Project

General

Profile

Actions

Feature #19443

closed

Cache `Process.pid`

Added by byroot (Jean Boussier) about 1 year ago. Updated about 1 year ago.

Status:
Closed
Assignee:
-
Target version:
-
[ruby-core:112457]

Description

It's not uncommon for database client and similar network libraries to protect themselves from Process.fork by regularly checking Process.pid

Until recently most libc would cache getpid() so this was a cheap check to make.

However as of glibc version 2.25 the PID cache is removed and calls to getpid() always invoke the actual system call which significantly degrades the performance of existing applications.

The reason glibc removed the cache is that some libraries were bypassing fork(2) by issuing system calls themselves, causing stale cache issues.

That isn't a concern for Ruby as bypassing MRI's primitive for forking would render the VM unusable, so we can safely cache the PID.

An example of the issue: https://github.com/rails/rails/issues/47418

Patch: https://github.com/ruby/ruby/pull/7326

Actions #1

Updated by byroot (Jean Boussier) about 1 year ago

  • Description updated (diff)

Updated by ko1 (Koichi Sasada) about 1 year ago

However as of glibc version 2.25 the PID cache is removed and calls to getpid() always invoke the actual system call which significantly degrades the performance of existing applications.

Could you show some benchmark results with/without your patch?
As I understand getpid() system call is well tuned so I surprised that there is an impact on the app.

Updated by byroot (Jean Boussier) about 1 year ago

require 'benchmark/ips'

Benchmark.ips do |x|
  x.report("Process.pid") { Process.pid }
end

On macOS where getpid() is still cached:

ruby 3.2.0 (2022-12-25 revision a528908271) [arm64-darwin22]
Warming up --------------------------------------
         Process.pid     1.879M i/100ms
Calculating -------------------------------------
         Process.pid     18.682M (± 2.1%) i/s -     93.968M in   5.032405s

On the same machine, but using the docker ruby:3.2 image (glibc based)

ruby 3.2.0 (2022-12-25 revision a528908271) [aarch64-linux]
Warming up --------------------------------------
         Process.pid   356.920k i/100ms
Calculating -------------------------------------
         Process.pid      3.539M (± 1.3%) i/s -     17.846M in   5.042975s

My branch on macOS:

ruby 3.3.0dev (2023-02-16T18:42:31Z cache-process-pid 0cd4797132) [arm64-darwin22]
Warming up --------------------------------------
         Process.pid     1.804M i/100ms
Calculating -------------------------------------
         Process.pid     18.465M (± 1.3%) i/s -     93.812M in   5.081288s

I'll try to build that branch in a docker container to benchmark it on glibc, but given the implementation I expect the same performance.

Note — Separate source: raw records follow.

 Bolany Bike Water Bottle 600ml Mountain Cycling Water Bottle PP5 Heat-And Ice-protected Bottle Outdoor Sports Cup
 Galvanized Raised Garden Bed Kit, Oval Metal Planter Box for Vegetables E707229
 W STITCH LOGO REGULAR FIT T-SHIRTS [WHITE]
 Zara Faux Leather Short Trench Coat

Updated by byroot (Jean Boussier) about 1 year ago

Here, from my branch built in a Ubuntu jammy (22.04) based image:

ruby 3.3.0dev (2023-02-16T18:42:31Z cache-process-pid 0cd4797132) [aarch64-linux]
Warming up --------------------------------------
         Process.pid     1.848M i/100ms
Calculating -------------------------------------
         Process.pid     18.561M (± 1.5%) i/s -     94.245M in   5.078802s

So it's a bit over 5x faster.

Updated by akr (Akira Tanaka) about 1 year ago

I think detecting fork using PID is not a good idea.
PID can conflict because PID is recycled.

We can define Process.fork_level as follows.

% ruby -e '
class << Process
  attr_accessor :fork_level
end
Process.fork_level = 0
module ForkLevel
  def _fork
    pid = super
    Process.fork_level += 1 if pid == 0
    pid
  end
end
class << Process; self end.prepend ForkLevel
puts "parent_fork_level: #{Process.fork_level}"
Process.wait(fork { puts "child_fork_level: #{Process.fork_level}" })
'
parent_fork_level: 0
child_fork_level: 1

fork can be detected by comparing the result of Process.fork_level.

This doesn't use PID (and getpid system call).
So, it has no overhead by getpid and no problem with PID recycling.

Updated by byroot (Jean Boussier) about 1 year ago

PID can conflict because PID is recycled.

I don't think it's a big concern for this use case, even with PID recycling, the PID of the child can't possibly be the same than the parent.
So unless you fork several time without ever triggering the check, you can't possibly be by this.

We can define Process.fork_level as follows.

Yes, on Ruby 3.1+ we can decorate Process._fork for that purpose. I already submitted PRs to major libraries to do that when possible, however:

  • It doesn't work for Process.daemonize (not a big deal, but still)
  • There is a long tail of existing code doing this, and fixing it all may take a very long time.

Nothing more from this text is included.